You’ve probably heard that an early Social Security claim will shrink your retirement checks. You can start your benefits as early as 62, but you will receive a reduced monthly income compared with the standard benefit you’d have collected if you waited.
However, while you may be aware that your payments won’t be as large with an early claim, chances are good that you don’t know just how high the cost of this choice is.
Here’s the harsh reality of what an early claim could mean for your finances, so you can make a better, more informed decision about when to claim your retirement income.
How much will a Social Security claim at 62 cost you?
When you’re trying to calculate the cost of an early Social Security claim, you need to look at two different factors:
- The monthly cost of an early claim
- The lifetime cost of an early claim
What is the monthly cost of an early claim?
It’s easy to understand the monthly impact of starting Social Security ahead of your full retirement age. You shrink your standard benefit by 5/9 of 1% per month for each of the first 36 months you claim Social Security ahead of FRA and by 5/12 of 1% per month for any prior month.
So, if your FRA is 67 (which is the case for anyone born in 1960 or later), a claim at 62 will result in a 30% reduction in your standard benefit. If you were on track to get $2,000, you’ll get $1,400 instead if you begin receiving payments at 62 instead of waiting five more years.
The monthly income left on the table is actually even higher than that, though. That’s because you can earn delayed retirement credits for each month you wait after your full retirement age until you’ve turned 70. So, a claim at 62 also means passing up the chance to increase your benefit.
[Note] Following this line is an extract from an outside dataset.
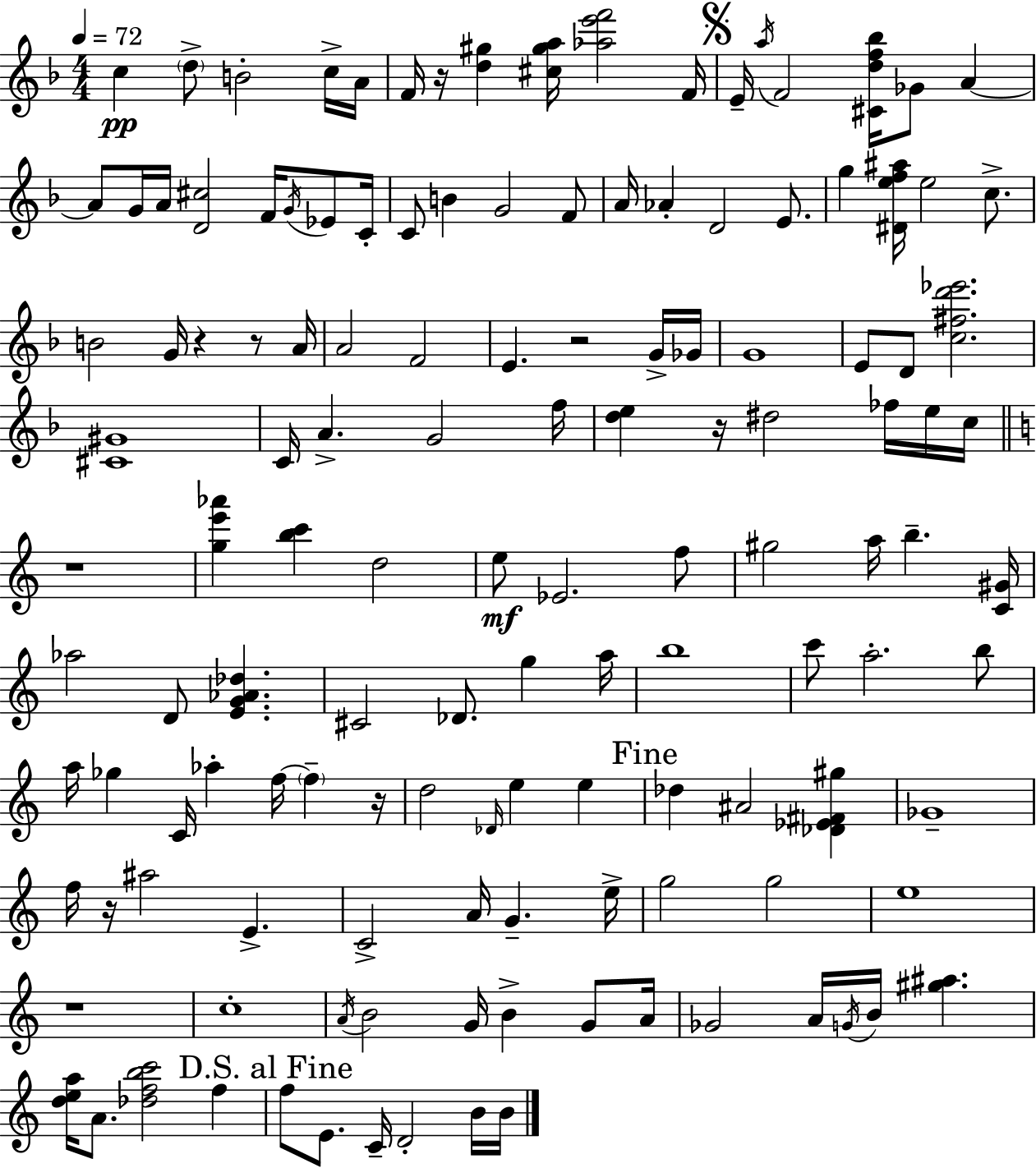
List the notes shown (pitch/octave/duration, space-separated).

C5/q D5/e B4/h C5/s A4/s F4/s R/s [D5,G#5]/q [C#5,G#5,A5]/s [Ab5,E6,F6]/h F4/s E4/s A5/s F4/h [C#4,D5,F5,Bb5]/s Gb4/e A4/q A4/e G4/s A4/s [D4,C#5]/h F4/s G4/s Eb4/e C4/s C4/e B4/q G4/h F4/e A4/s Ab4/q D4/h E4/e. G5/q [D#4,E5,F5,A#5]/s E5/h C5/e. B4/h G4/s R/q R/e A4/s A4/h F4/h E4/q. R/h G4/s Gb4/s G4/w E4/e D4/e [C5,F#5,D6,Eb6]/h. [C#4,G#4]/w C4/s A4/q. G4/h F5/s [D5,E5]/q R/s D#5/h FES5/s E5/s C5/s R/w [G5,E6,Ab6]/q [B5,C6]/q D5/h E5/e Eb4/h. F5/e G#5/h A5/s B5/q. [C4,G#4]/s Ab5/h D4/e [E4,G4,Ab4,Db5]/q. C#4/h Db4/e. G5/q A5/s B5/w C6/e A5/h. B5/e A5/s Gb5/q C4/s Ab5/q F5/s F5/q R/s D5/h Db4/s E5/q E5/q Db5/q A#4/h [Db4,Eb4,F#4,G#5]/q Gb4/w F5/s R/s A#5/h E4/q. C4/h A4/s G4/q. E5/s G5/h G5/h E5/w R/w C5/w A4/s B4/h G4/s B4/q G4/e A4/s Gb4/h A4/s G4/s B4/s [G#5,A#5]/q. [D5,E5,A5]/s A4/e. [Db5,F5,B5,C6]/h F5/q F5/e E4/e. C4/s D4/h B4/s B4/s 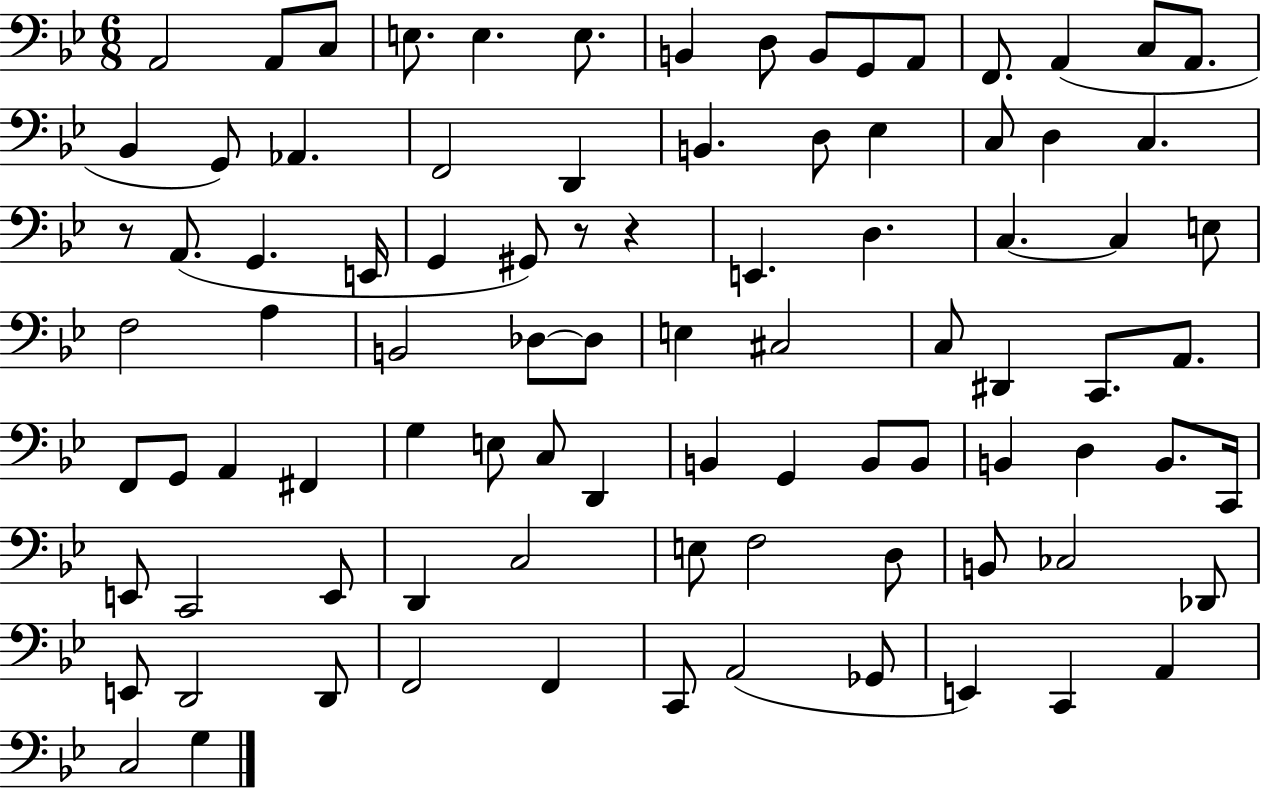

If you’d waited to claim a $2,000 standard Social Security until 70 with an FRA of 67, you’d have increased your monthly payment by 24% and brought home $2,480. That’s a far cry from the $1,400 you’d have collected at 62.
What is the lifetime cost of an early claim?
Understanding the lifetime cost of claiming Social Security early is harder because you don’t really know how long you’re going to live. Whether you’re in great health or are suffering from chronic conditions, it can be really hard to estimate your lifespan. For that reason, it can be helpful to look at data that shows how a typical retiree is affected if they start Social Security ahead of FRA. This data isn’t pretty if you were hoping an early claim wouldn’t cost you all that much in the end.
A report from the National Bureau of Economic Research revealed recently that more than 90% of Americans should wait until 70 to claim Social Security. The report also calculated that an early claim reduces the present value of household lifetime discretionary spending by a shocking $182,370.
In other words, you could leave more than $182,000 on the table if you start benefits at 62 instead of waiting and making a delayed claim at 70 after maxing out delayed retirement credits.
Why does an early claim cost you so much?

Claiming at 62 ends up costing you a lot more than you think for two reasons. For one thing, you’re giving up the chance to significantly increase your (likely) only source of guaranteed lifetime income that’s protected against inflation.
Another more important issue, though, is that life expectancies have gotten longer since the creation of Social Security’s system of early filing penalties and delayed retirement credits. This system was intended to equalize lifetime benefits for early and late filers, so early and late claimers would ideally receive the same total lifetime income from Social Security. However, since lifespans have gotten longer, most people now live long enough that their lifetime Social Security income is considerably higher if they wait.
You should be aware of how much less money you may find yourself with late in retirement if you opt for an early benefits claim and talk with a financial advisor about your options so you can decide if an early claim truly makes sense for you in the end.